Task details —
In the material below, pictures must be dropped. Repeat exactly, and only, the lines from the line with "Klára Bílá Jewellery" to the line with "Iridescent stained glass", both ends included.

Records for this exercise —
☆ ☆ ☆ ☆ ☆

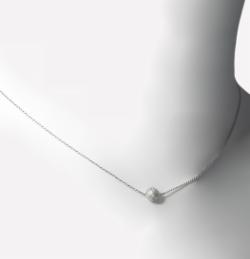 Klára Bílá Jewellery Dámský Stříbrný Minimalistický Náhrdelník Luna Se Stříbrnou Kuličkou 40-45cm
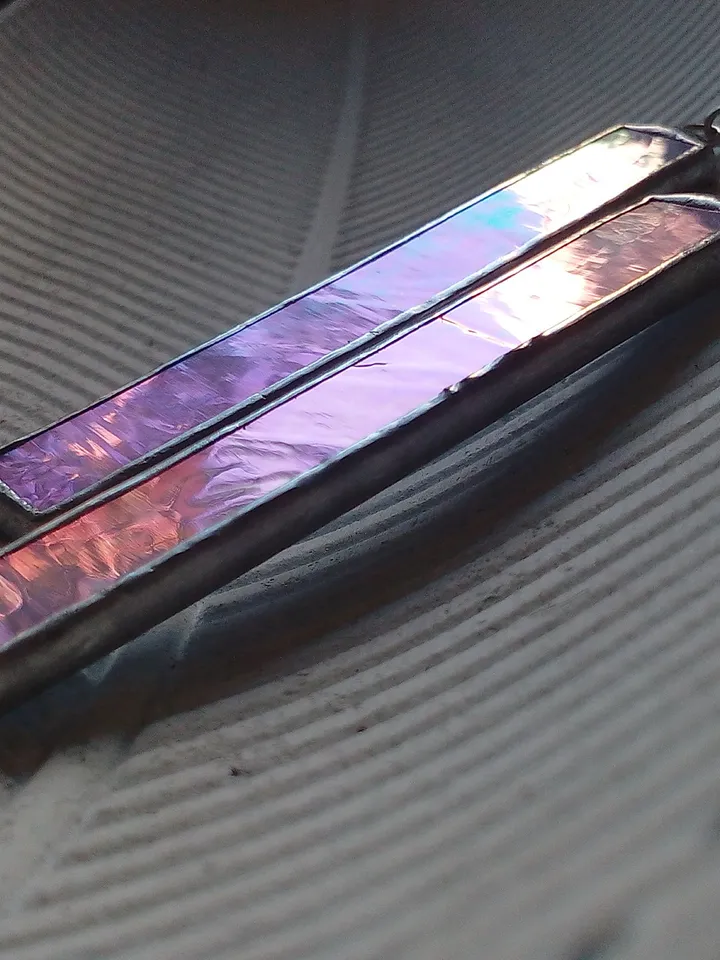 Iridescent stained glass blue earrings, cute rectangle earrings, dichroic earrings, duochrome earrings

☆ ☆ ☆ ☆ ☆

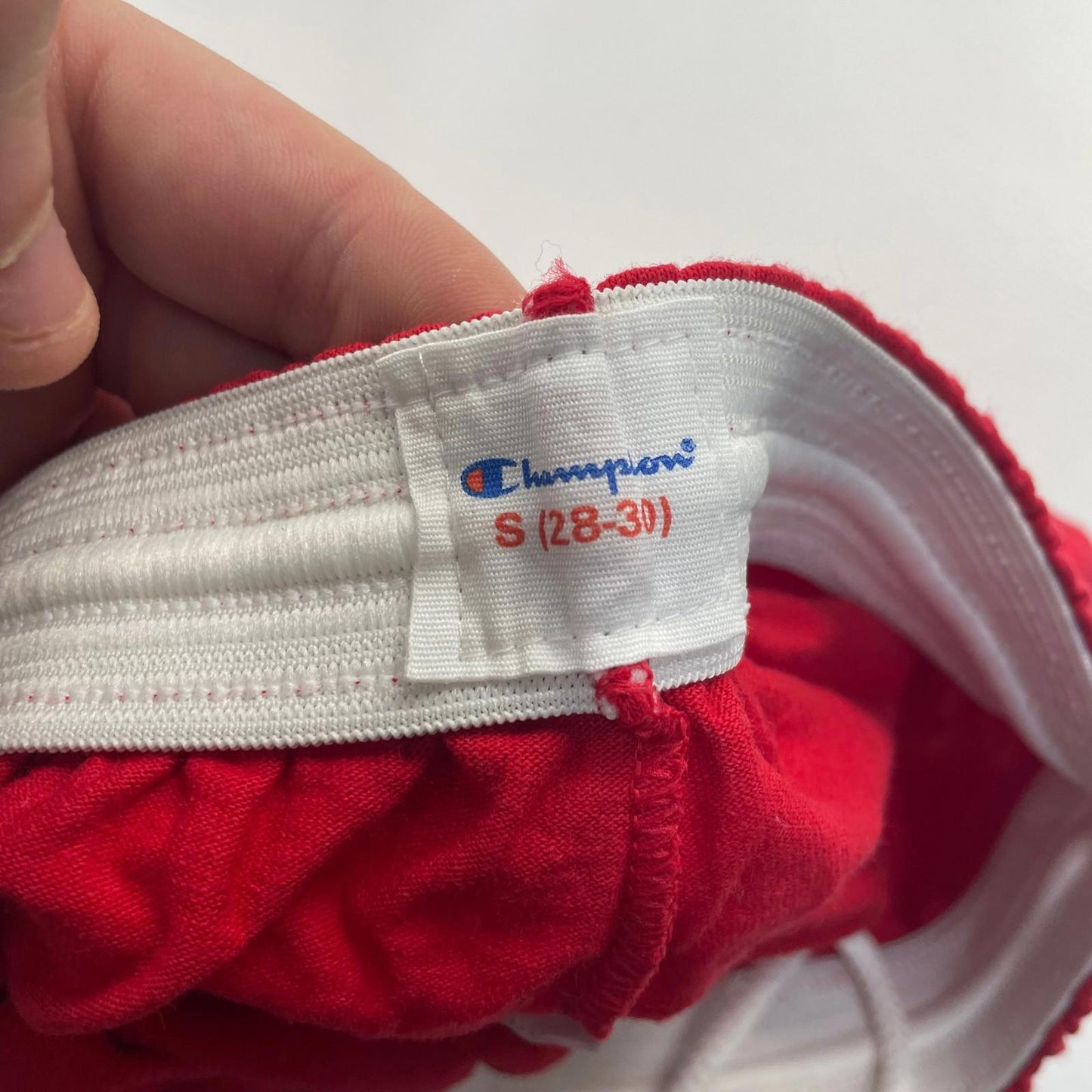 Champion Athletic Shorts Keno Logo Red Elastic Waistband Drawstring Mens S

☆ ☆ ☆ ☆ ☆

Answer box —
 Klára Bílá Jewellery Dámský Stříbrný Minimalistický Náhrdelník Luna Se Stříbrnou Kuličkou 40-45cm
 Iridescent stained glass blue earrings, cute rectangle earrings, dichroic earrings, duochrome earrings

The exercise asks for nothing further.